In 1868, Governor Harrison Reed presented Gibbs’s name to the Florida Senate for appointment as Secretary of State, but his name was incorrectly presented. Reed withdrew the nomination and, for some reason, did not resubmit it. Later in the year, Reed appointed Gibbs Secretary of State after the first appointee, George J. Alden, a white Unionist, joined the Governor’s enemies in an attempt to impeach him. Gibbs was a trusted public servant and worked closely with Reed. When Ossian B. Hart succeeded Governor Reed in January 1873, he appointed Gibbs Superintendent of Public Instruction. As Superintendent, Gibbs was also president of the board of trustees of the proposed agricultural college for blacks, which came to be Florida Agricultural and Mechanical College, and later Florida A&M University.
Gibbs demonstrated that he was very much interested in developing public education in Florida. During his tenure, he closely supervised county superintendents. He made progress in the adoption of uniform texts in the schools. Prior to his coming to office, each student used whatever books he could obtain. Gibbs’s sudden death on August 14, 1874, was a great loss to Florida. The white man who became Superintendent of Public Instruction after Gibbs’s death said, “Negroes have lost one of their noblest representatives, our State one of its most valued citizens, and our public school system one of its most intelligent advocates—one of its best friends.”
The circumstances of his death became mired in controversy. Although his brother would later report that Gibbs died of apoplexy, it was believed by some that he had been poisoned. Gibbs was a powerful black man in Florida when it was a dangerous thing to be a powerful black man in Florida. He was the most visible, and possibly the most resented, black leader in the state, in no small measure due to his exceptional abilities. He was a prime example of what Southern whites at the time called an “uppity nigger.”
Gibbs carried the role well. On top of his game, dressed in the finery of the times, he cut a dashing, handsome figure on the streets of Tallahassee. Many Conservative Democrats loathed the sight of black men like Gibbs who, they thought, were propped up by Northern radical Republicans and carpetbaggers. He would have been the ideal target for elimination.
Only hours before his death, Gibbs gave an hours-long speech at a Republican Party meeting, after which he enjoyed a hearty meal. Then he went home and ensconced himself in his attic, which he had turned into what his brother later described as an arsenal. He apparently feared for his life. Poisoning was a commonly used weapoof murder in the nineteenth century. Even kings and emperors feared it. Some potential targets required food-tasters to imbibe before touching their meals. Although there is no definitive evidence that Gibbs was murdered by poisoning, “It was whispered and widely believed he had been poisoned.”

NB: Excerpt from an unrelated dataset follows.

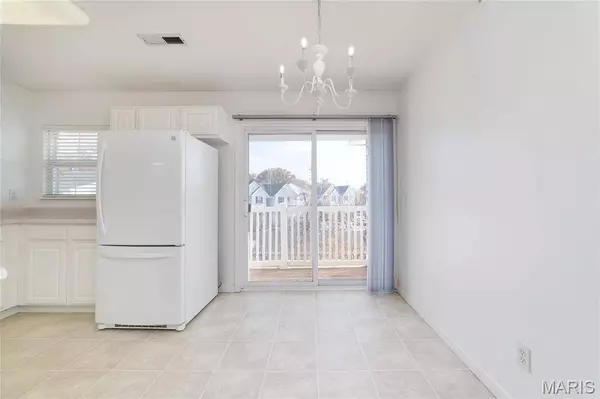 410 Benton DR #L, St Peters, MO 63376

It is possible, and some say probable, that Gibbs was poisoned by someone in his own party. Gibbs was a radical Republican with a good chance of winning a congressional seat. The moderate Republicans opposed him and had their own candidate. Some historians believe one of those Republican moderates may have had a hand in the murder. According to this historian, Gibbs had serious opponents within his own party who considered him to be too radical. “Gibbs was running for a congressional seat in opposition to a moderate Republican candidate. One of Gibbs’s Republican critics warned Gibbs to “watch his water bucket.”Dunn, A History of Florida Through Black Eyes.
Edward Waters College, Jacksonville, Florida
Edward Waters College in Jacksonville is a historic black college in Florida. Following the Civil War, Reverend Charles H. Pearce, Presiding Elder of the AME Church, was sent to Florida in 1865 to establish the Church in the state. Pearce, observing the fast –paced social and political changes as a result of the Reconstruction era in north Florida, recognized the need to for public education for the newly released slaves.
He began to raise funds for a school which has evolved to what we now know as Edward Waters College. Courses were first offered at the elementary, high school college and seminary levels. In January 1870, the AME Church passed a resolution at its Tallahassee AME Conference to set aside church funds to support and expand the offerings of the school. The Conference named the school The Brown Theological Institute which was charted by the state legislature in 1872.
The school was closed for a decade. There followed a series of name changes and eventually a location change to Jacksonville. In 1883. The school was opened as the East Florida Conference High School and later named the East Florida Scientific and Divinity High School.
The city’s Mount Zion AME Church provided 10,000 dollars for a building fund. Within a decade, the school’s educational programs were expanded and the school was renamed Edward Waters College in 1892. It was named in honor of the third bishop of the AME Church, Edward Waters (1780-1847) who was born in West River, Missouri.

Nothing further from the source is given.